BARTHES SUR LE VIN
D’ après FRANCE CULTURE
Les Nouveaux Chemins de la connaissance
Dans son analyse de « La Physiologie du goût » de Brillat-Savarin, Roland Barthes consacre une page au vin, qu’il appelle l’anti drogue.
Court entretien entre Raphaël Enthoven et Eric Marty.
Raphaël Enthoven — Baudelaire reproche de mal parler du vin à Brillat-Savarin, qui le voit comme élément central du repas, l’aliment de la conversation, alors qu’il est pour Baudelaire source de joie et de mélancolie, et une possibilité de se transporter hors de soi-même.
Eric Marty — Baudelaire prend le vin comme une drogue. Pour Barthes au contraire, le vin ne peut pas être un plaisir violent. Plus que le bourgogne ou le vin de Provence, le vin de Barthes c’est le bordeaux, qui a une épaisseur et une consistance proches de l’aliment en effet.
Foucault n’aimait que les jouissances fortes : « je ne suis pas un bon compagnon pour les autres » reconnaissait-il, du fait de son incapacité à jouir de plaisirs moyens.
À l’inverse, Roland Barthes se satisfait d’une jouissance modérée, maîtrisée — maintenir le plaisir à distance pour ne pas se laisser consommer par lui —, avec des échelonnements très complexes. La consommation du vin a pour lui une dimension hédoniste, épicurienne, tout à l’opposé d’une drogue.
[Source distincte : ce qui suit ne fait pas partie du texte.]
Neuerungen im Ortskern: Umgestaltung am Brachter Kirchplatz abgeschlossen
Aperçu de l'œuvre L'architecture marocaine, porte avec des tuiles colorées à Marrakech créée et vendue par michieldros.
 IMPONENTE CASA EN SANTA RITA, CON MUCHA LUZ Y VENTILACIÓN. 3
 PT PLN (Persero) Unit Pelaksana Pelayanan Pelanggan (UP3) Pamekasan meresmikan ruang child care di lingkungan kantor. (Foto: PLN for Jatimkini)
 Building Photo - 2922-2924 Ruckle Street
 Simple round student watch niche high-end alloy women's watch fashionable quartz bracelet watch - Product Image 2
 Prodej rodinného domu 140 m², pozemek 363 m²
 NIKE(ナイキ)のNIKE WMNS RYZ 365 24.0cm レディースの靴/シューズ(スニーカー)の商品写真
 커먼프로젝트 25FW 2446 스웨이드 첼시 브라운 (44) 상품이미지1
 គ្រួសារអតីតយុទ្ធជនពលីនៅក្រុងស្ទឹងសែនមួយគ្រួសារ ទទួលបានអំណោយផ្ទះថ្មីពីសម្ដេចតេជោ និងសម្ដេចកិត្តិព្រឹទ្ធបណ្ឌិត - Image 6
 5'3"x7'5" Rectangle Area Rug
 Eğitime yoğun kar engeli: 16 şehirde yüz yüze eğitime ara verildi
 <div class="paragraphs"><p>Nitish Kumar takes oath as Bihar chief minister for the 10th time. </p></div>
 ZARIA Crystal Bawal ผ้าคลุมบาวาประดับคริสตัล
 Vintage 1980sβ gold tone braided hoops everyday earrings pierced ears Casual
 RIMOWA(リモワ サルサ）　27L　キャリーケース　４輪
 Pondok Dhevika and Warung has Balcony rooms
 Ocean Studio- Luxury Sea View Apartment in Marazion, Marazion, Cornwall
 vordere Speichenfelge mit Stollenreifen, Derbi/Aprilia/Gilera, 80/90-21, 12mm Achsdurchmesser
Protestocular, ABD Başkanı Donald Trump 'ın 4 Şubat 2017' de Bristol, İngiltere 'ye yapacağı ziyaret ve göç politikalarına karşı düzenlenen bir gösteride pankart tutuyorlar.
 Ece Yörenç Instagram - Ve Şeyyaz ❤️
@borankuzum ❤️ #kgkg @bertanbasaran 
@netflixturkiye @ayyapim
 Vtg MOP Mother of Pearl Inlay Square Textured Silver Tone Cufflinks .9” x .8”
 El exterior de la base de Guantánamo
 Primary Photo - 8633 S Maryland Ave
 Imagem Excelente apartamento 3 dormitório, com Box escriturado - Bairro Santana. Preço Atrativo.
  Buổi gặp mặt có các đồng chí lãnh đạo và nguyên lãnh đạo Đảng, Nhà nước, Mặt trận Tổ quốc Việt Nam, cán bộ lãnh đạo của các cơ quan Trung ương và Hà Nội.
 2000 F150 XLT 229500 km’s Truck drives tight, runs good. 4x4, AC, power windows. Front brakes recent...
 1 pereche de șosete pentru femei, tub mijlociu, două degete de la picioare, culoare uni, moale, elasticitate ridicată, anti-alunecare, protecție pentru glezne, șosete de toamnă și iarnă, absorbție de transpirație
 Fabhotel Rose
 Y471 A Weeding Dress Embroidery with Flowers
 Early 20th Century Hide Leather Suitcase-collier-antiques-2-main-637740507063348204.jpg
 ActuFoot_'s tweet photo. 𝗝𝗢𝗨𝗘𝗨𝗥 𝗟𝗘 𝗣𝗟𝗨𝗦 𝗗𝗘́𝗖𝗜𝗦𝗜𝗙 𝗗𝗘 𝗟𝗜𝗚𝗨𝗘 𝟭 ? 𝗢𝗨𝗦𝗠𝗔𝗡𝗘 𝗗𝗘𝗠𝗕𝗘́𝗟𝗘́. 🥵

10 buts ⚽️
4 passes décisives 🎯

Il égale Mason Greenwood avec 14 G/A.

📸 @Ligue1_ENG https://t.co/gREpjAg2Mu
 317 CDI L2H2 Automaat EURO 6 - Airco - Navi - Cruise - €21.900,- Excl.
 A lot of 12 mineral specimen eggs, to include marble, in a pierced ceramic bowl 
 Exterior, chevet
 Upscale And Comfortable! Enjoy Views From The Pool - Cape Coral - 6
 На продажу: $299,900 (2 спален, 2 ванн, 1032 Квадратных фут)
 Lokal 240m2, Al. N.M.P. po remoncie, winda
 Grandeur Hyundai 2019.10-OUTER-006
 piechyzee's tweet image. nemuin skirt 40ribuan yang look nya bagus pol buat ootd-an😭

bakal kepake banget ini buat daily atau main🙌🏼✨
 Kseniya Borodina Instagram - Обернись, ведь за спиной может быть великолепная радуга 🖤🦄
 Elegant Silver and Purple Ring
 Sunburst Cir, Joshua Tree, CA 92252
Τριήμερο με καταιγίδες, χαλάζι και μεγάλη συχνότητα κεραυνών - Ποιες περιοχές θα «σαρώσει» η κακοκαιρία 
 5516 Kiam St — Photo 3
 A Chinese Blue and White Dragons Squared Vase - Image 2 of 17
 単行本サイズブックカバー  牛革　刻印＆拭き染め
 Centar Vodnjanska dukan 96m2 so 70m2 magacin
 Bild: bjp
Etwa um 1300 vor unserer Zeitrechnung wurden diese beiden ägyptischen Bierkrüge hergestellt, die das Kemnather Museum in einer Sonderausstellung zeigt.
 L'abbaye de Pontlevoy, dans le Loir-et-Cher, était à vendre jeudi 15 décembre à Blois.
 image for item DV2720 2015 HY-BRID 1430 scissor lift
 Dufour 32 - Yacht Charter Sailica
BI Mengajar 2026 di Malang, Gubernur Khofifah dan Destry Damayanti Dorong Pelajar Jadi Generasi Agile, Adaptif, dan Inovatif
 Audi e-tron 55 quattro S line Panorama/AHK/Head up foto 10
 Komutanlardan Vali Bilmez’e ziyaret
En échauffant la chair et les sens, le plaisir accroît la sensibilité à apprécier, et à comprendre.
R. E. — Son plaisir du vin n’est-il pas de l’ordre de l’attention, une attention extrême, qui est celle de l’œnologue?
E. M. — Barthes est un observateur à la fois euphorique et lucide. Sa vision du plaisir est mobilisation des sens, dérive, perversion. Mais le goût est support d’une éthique reposant sur l’exactitude et le discernement. Il n’y a pas d’opposition à jouir et à décrypter la jouissance, dans sa complexité et ses nuances. La conscience est toujours là.